- Opening Delimiter -
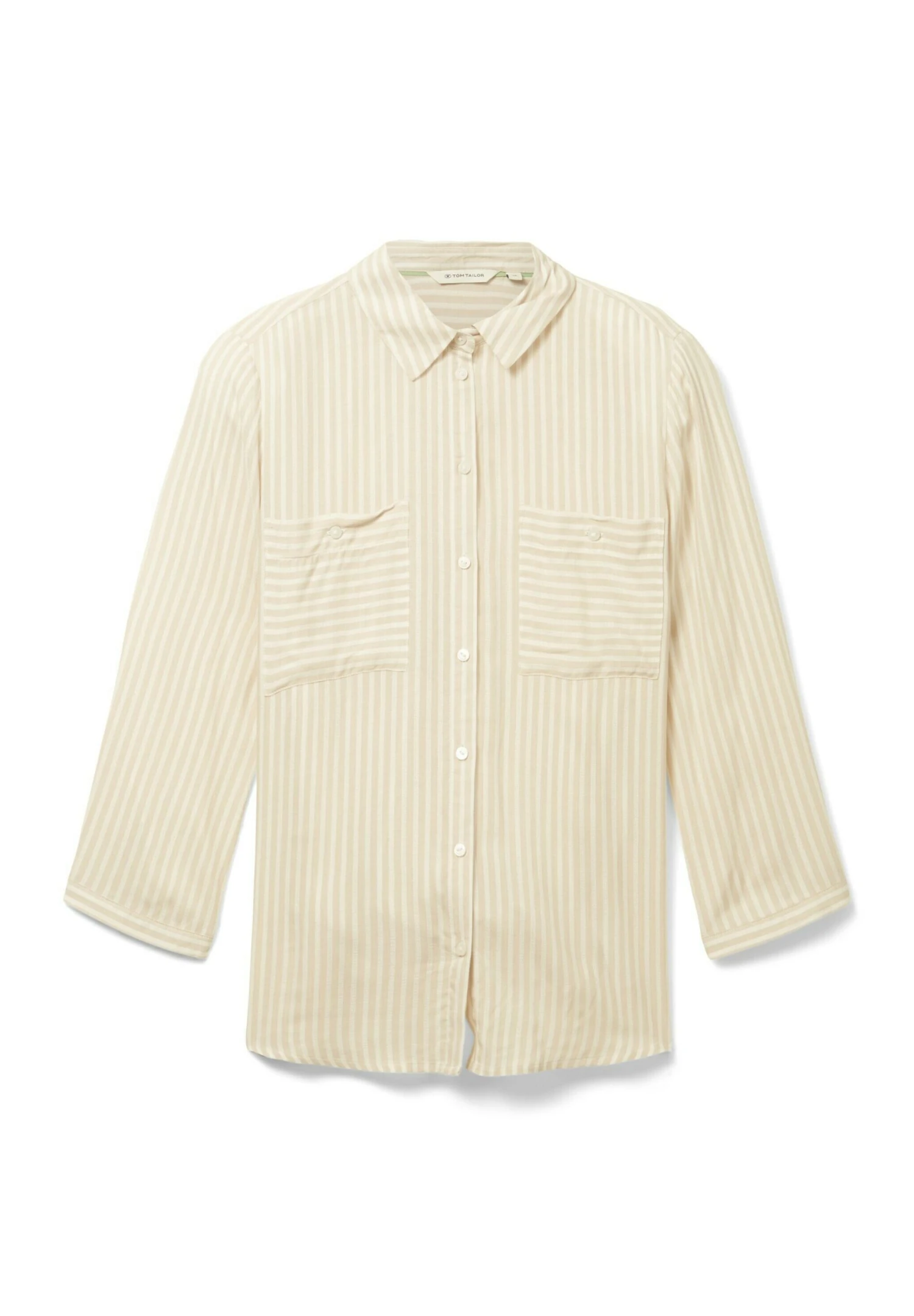 Tom Tailor Overhemdblouse - Beige White Stripe Woven 6 Tom Tailor Overhemdblouse - Beige White Stripe Woven - Afbeelding 6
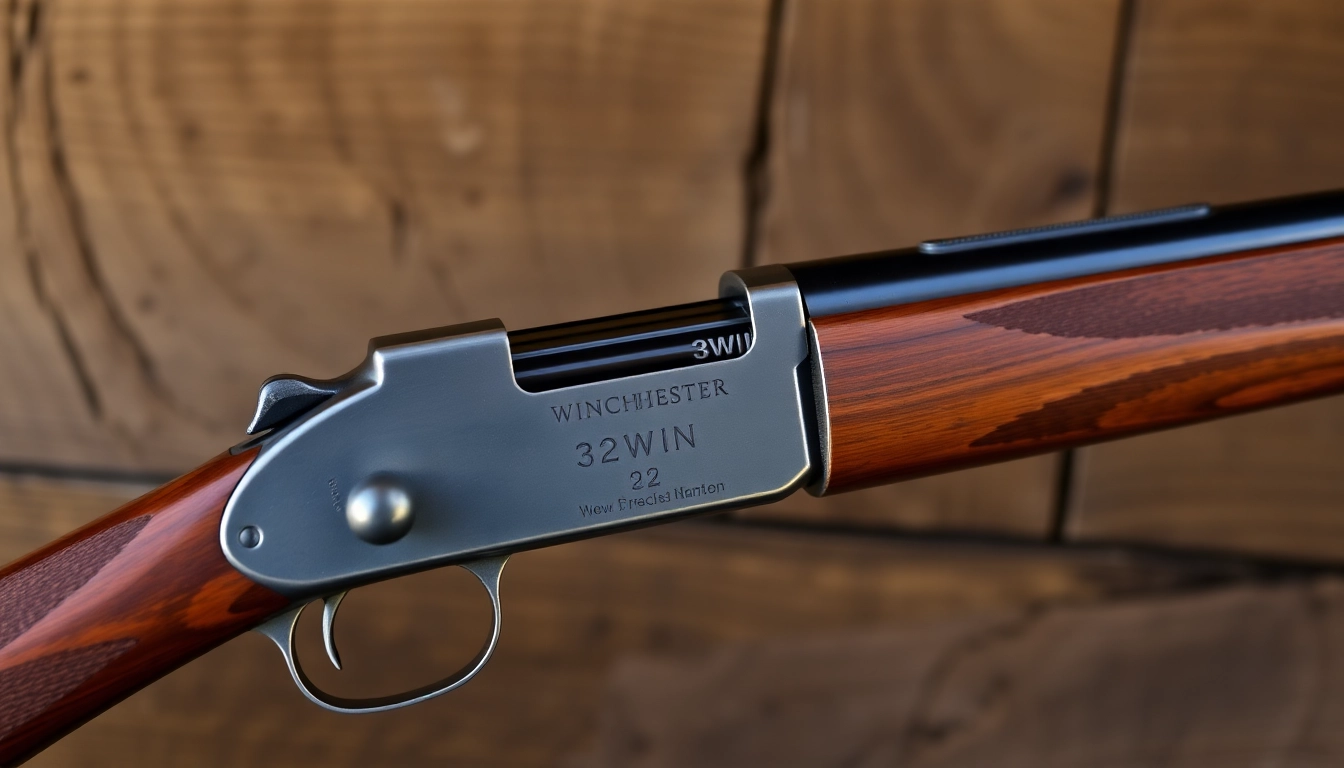 The 32WIN cartridge visible in a classic hunting rifle, illustrating its historical and hunting significance for firearm enthusiasts.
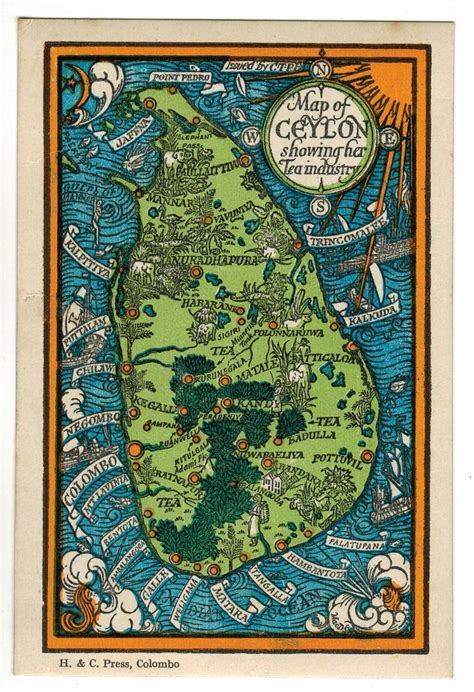 Map of Ceylon showing her Tea industry - Barron Maps | Map, Pictorial maps, Map print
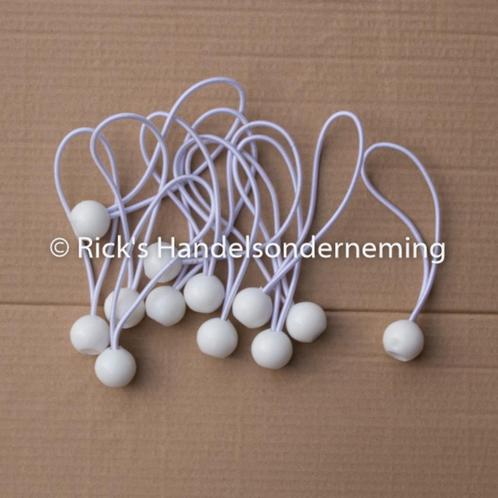 Elastiek met bal / tentspanner wit 12-delig lengte 17 cm, Tuin en Terras, Partytenten, Nieuw, Overige typen, Minder dan 5 meter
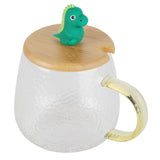 400ml Cute High Borosilicate Glass Cup HeatResistant Mug with Stainless Steel Spoon Bamboo Lid(Dinosaur ) - Top-Down View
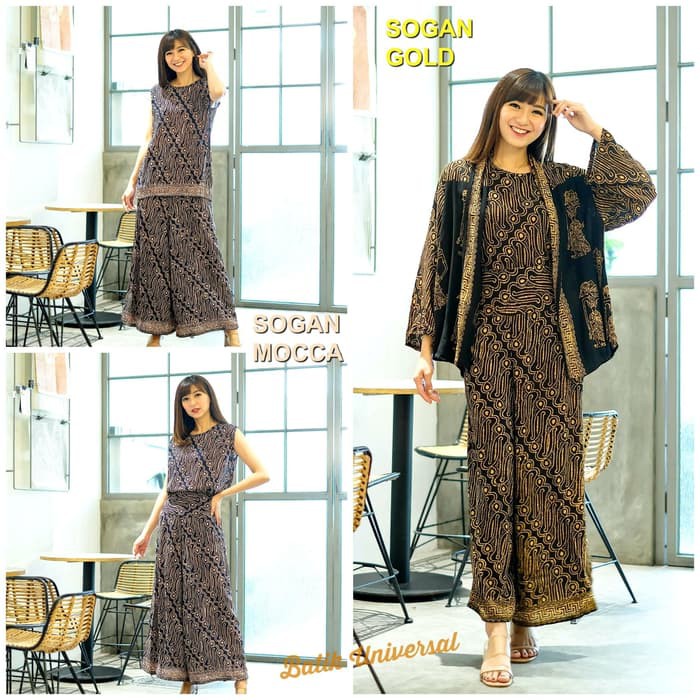 Dijual Setelan 3pc Batik Wanita Tank Top Cardigan dan Kulot Parang Wayang - SET GOLD Diskon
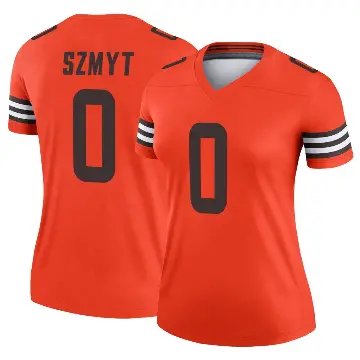 ＃0 Women's Andre Szmyt Orange Legend Cleveland Browns Inverted Jersey
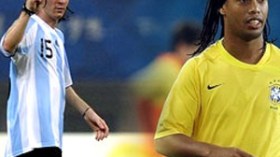 الأرجنتين والبرازيل في معركة مثيرة وميسي يتحدى رونالدينو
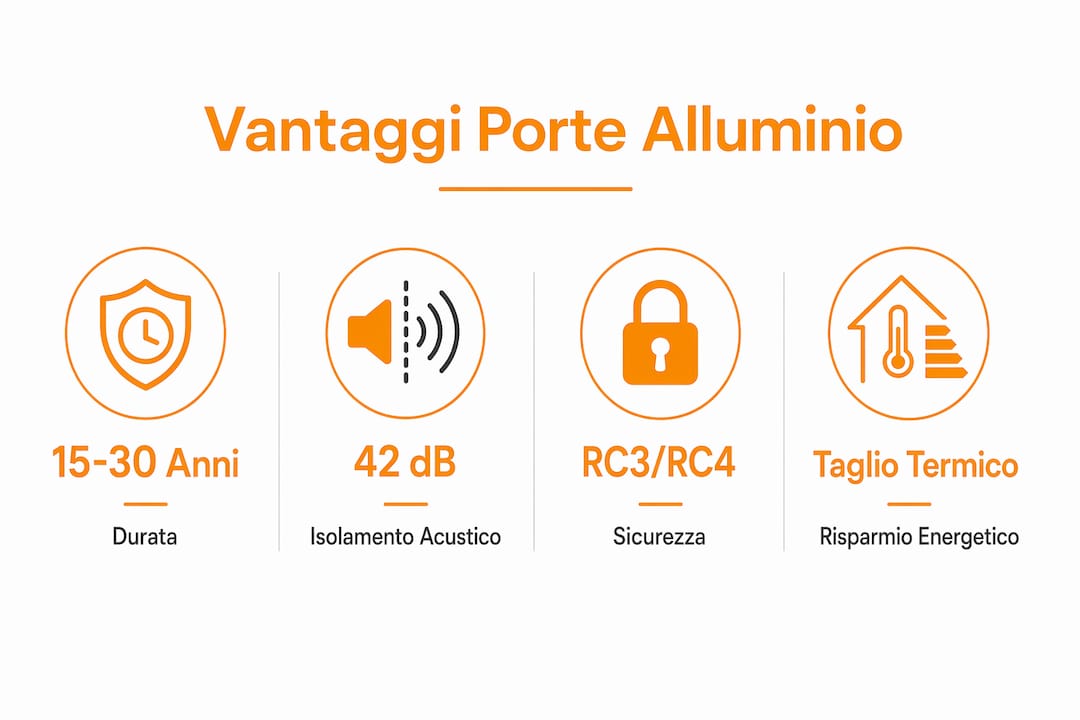 Infografica vantaggi porte in alluminio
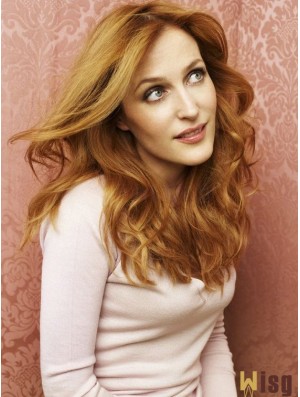 Without Bangs Long Copper Wavy 18 inch Sleek Human Hair Gillian Anderson Wigs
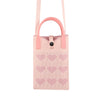 Heart Shaped Knitted Mini Crossbody Phone Bag For 6.9 inch and Below Phones(Pink)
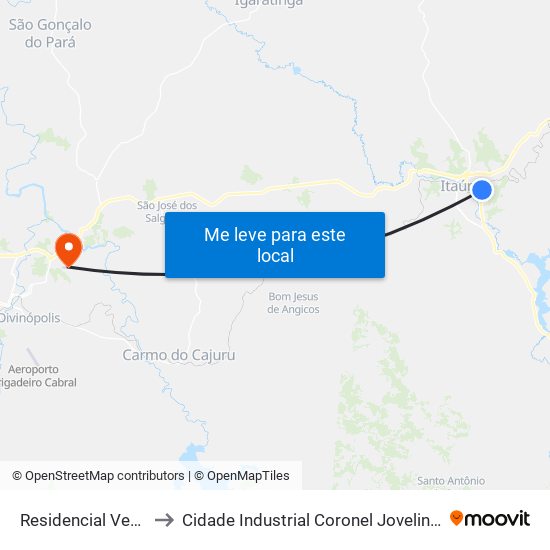 Residencial Veredas to Cidade Industrial Coronel Jovelino Rabelo map
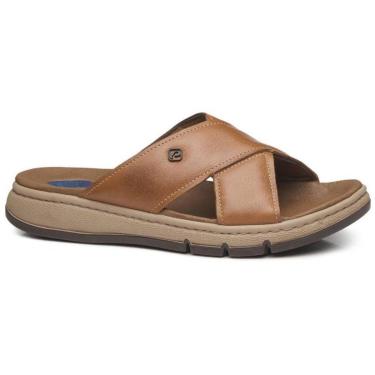 Imagem de Chinelo Masculino Dubai Couro Tabaco Pegada 134306-02-Masculino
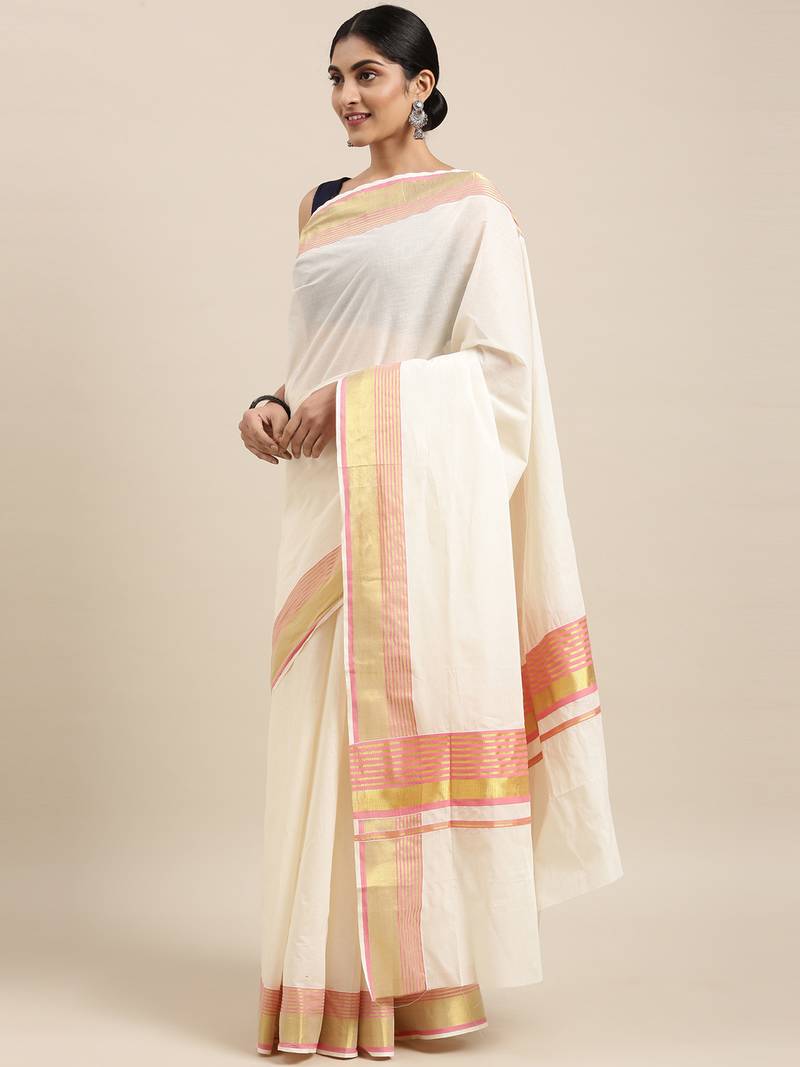 white pure cotton woven saree with blouse
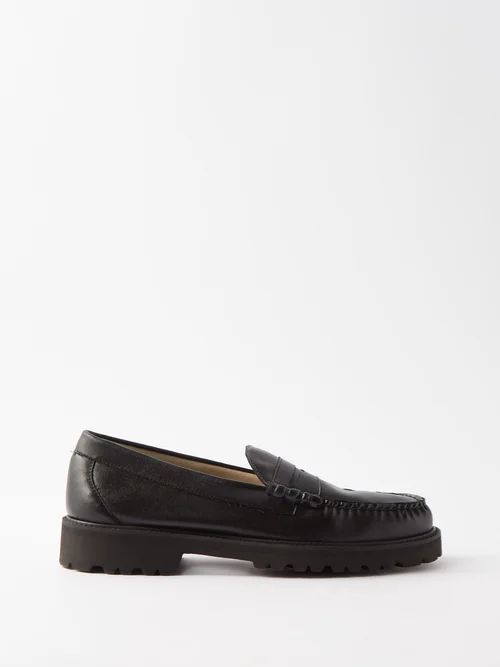Weejun Larson Faux-leather Penny Loafers - Mens - Black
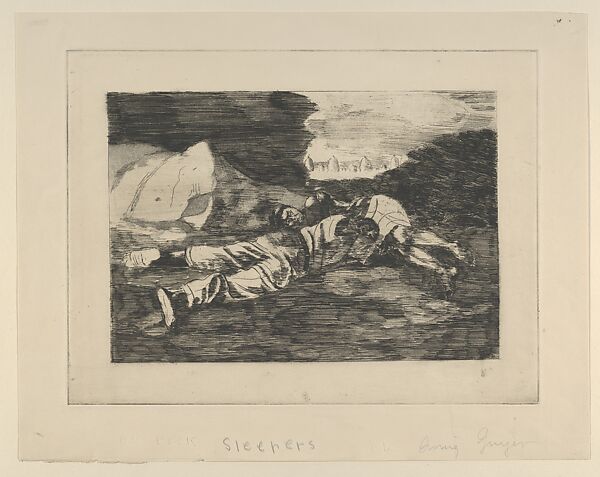 Sleepers, Irving Guyer (American, Philadelphia, Pennsylvania 1916–2012 Nevada City, California), Etching and aquatint 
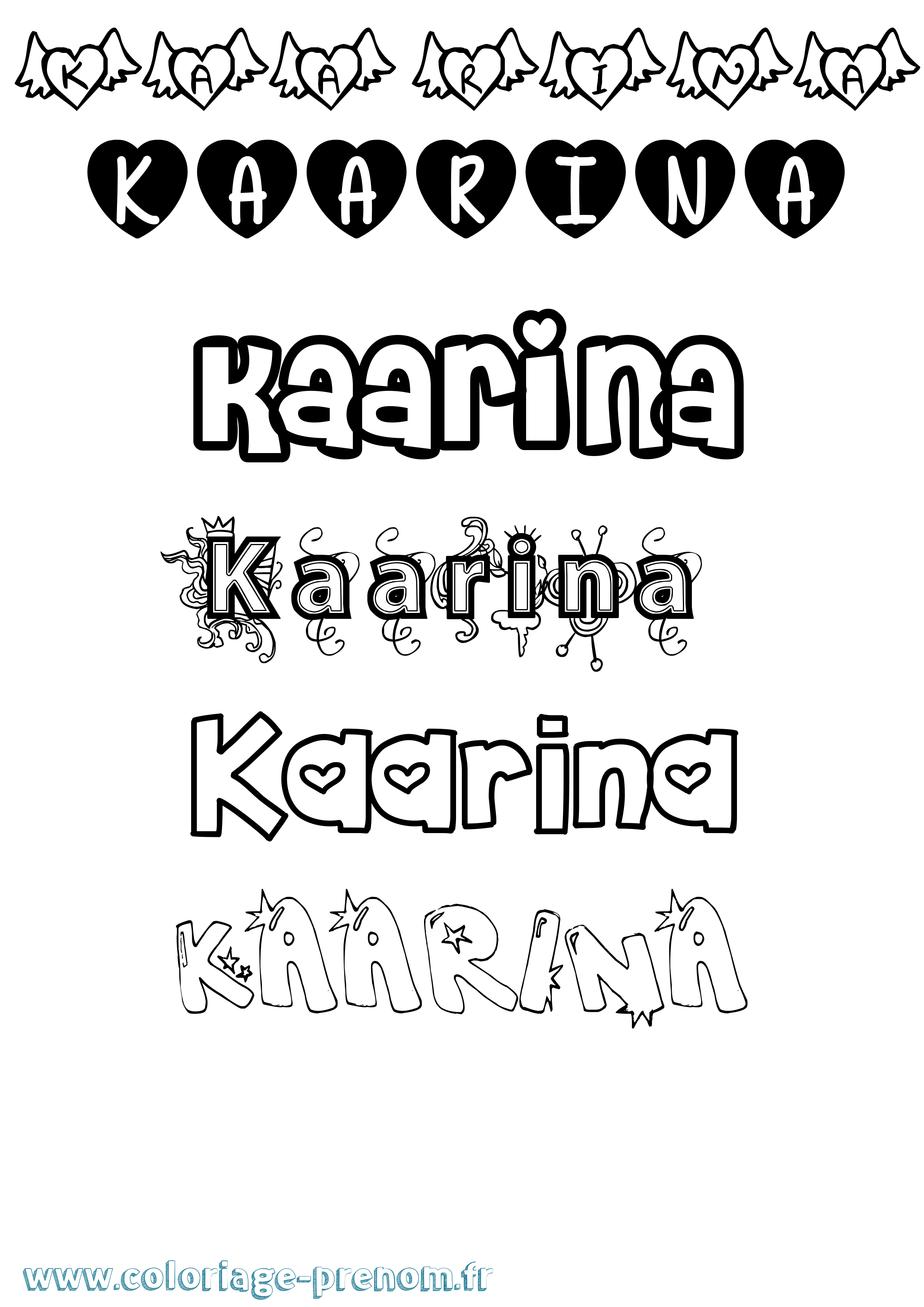 Coloriage prénom Kaarina Girly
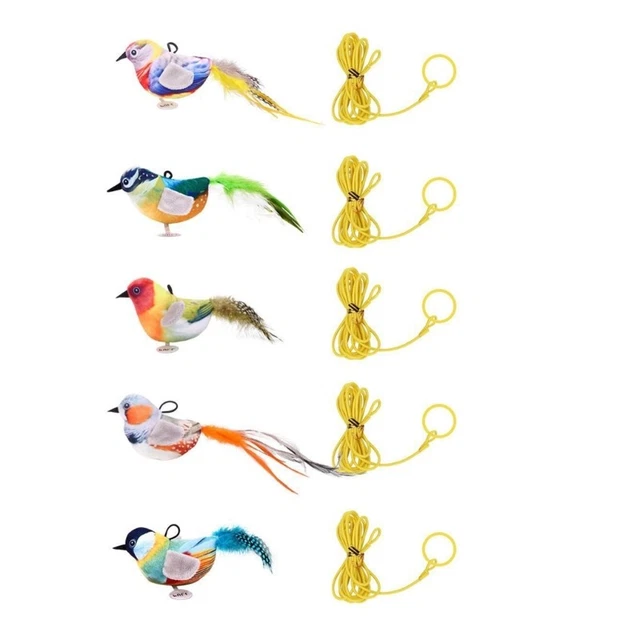PULL STRING BIRD Cats Toy with Life Like Chirping for Indoor Cats ...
- Closing Delimiter -
When you reach the line holding "Heart Shaped Knitted" in the listing above, begin retyping exactly, and stop once the line holding "Coloriage prénom Kaarina Girly" is done; pictures stay out.

**Response area:**
 Heart Shaped Knitted Mini Crossbody Phone Bag For 6.9 inch and Below Phones(Pink)
 Residencial Veredas to Cidade Industrial Coronel Jovelino Rabelo map
 Imagem de Chinelo Masculino Dubai Couro Tabaco Pegada 134306-02-Masculino
 white pure cotton woven saree with blouse
Weejun Larson Faux-leather Penny Loafers - Mens - Black
 Sleepers, Irving Guyer (American, Philadelphia, Pennsylvania 1916–2012 Nevada City, California), Etching and aquatint 
 Coloriage prénom Kaarina Girly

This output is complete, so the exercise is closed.